## The task
Exact reproduction is required for the lines below starting at the line with "Férfi blúz Adidas, Méret" and ending at the line with "サンティーニ　EROICA - BASEBALL CAP VERDE", both included. No other lines, and no pictures.

## The data
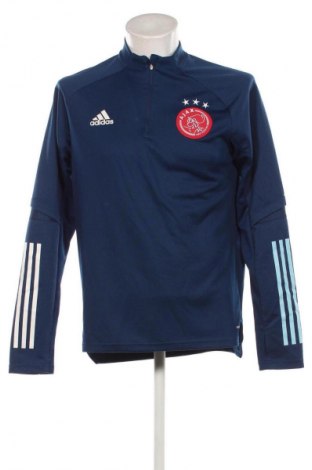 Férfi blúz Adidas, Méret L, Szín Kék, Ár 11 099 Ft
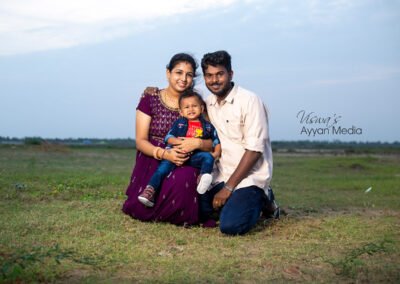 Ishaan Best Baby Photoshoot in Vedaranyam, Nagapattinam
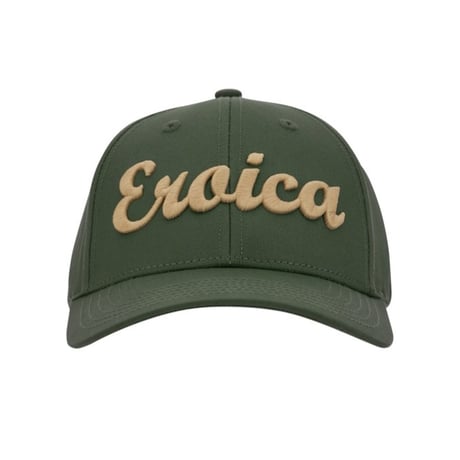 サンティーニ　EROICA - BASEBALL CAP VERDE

...

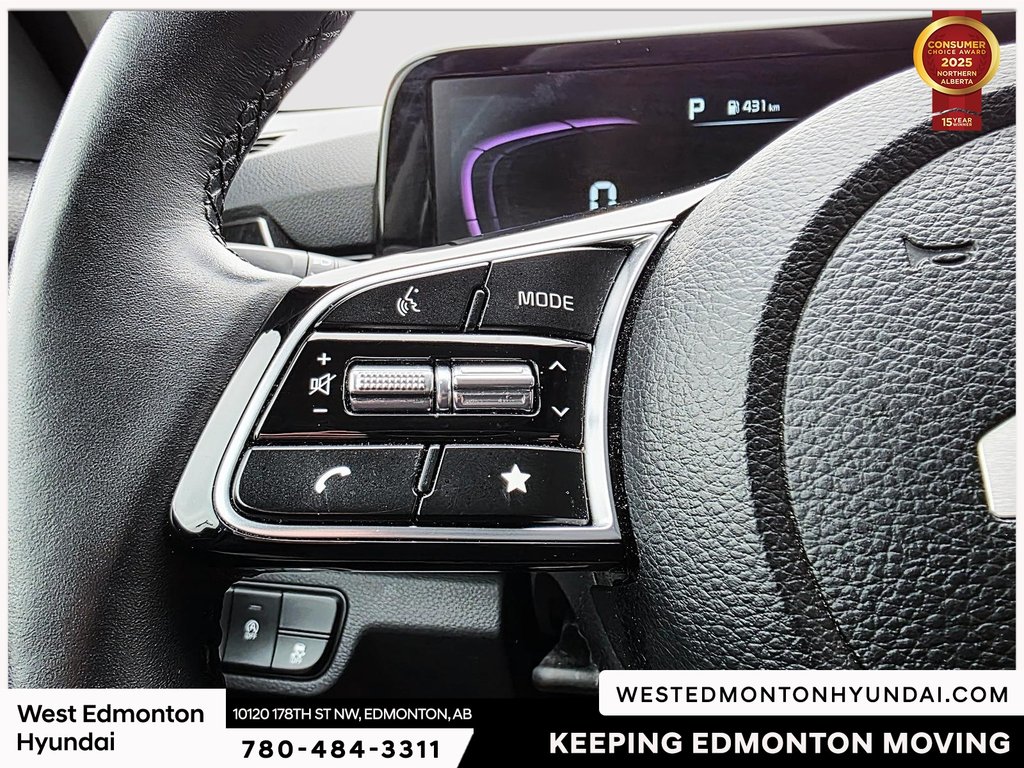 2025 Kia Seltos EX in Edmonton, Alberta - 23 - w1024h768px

## Your response
 Férfi blúz Adidas, Méret L, Szín Kék, Ár 11 099 Ft
 Ishaan Best Baby Photoshoot in Vedaranyam, Nagapattinam
 サンティーニ　EROICA - BASEBALL CAP VERDE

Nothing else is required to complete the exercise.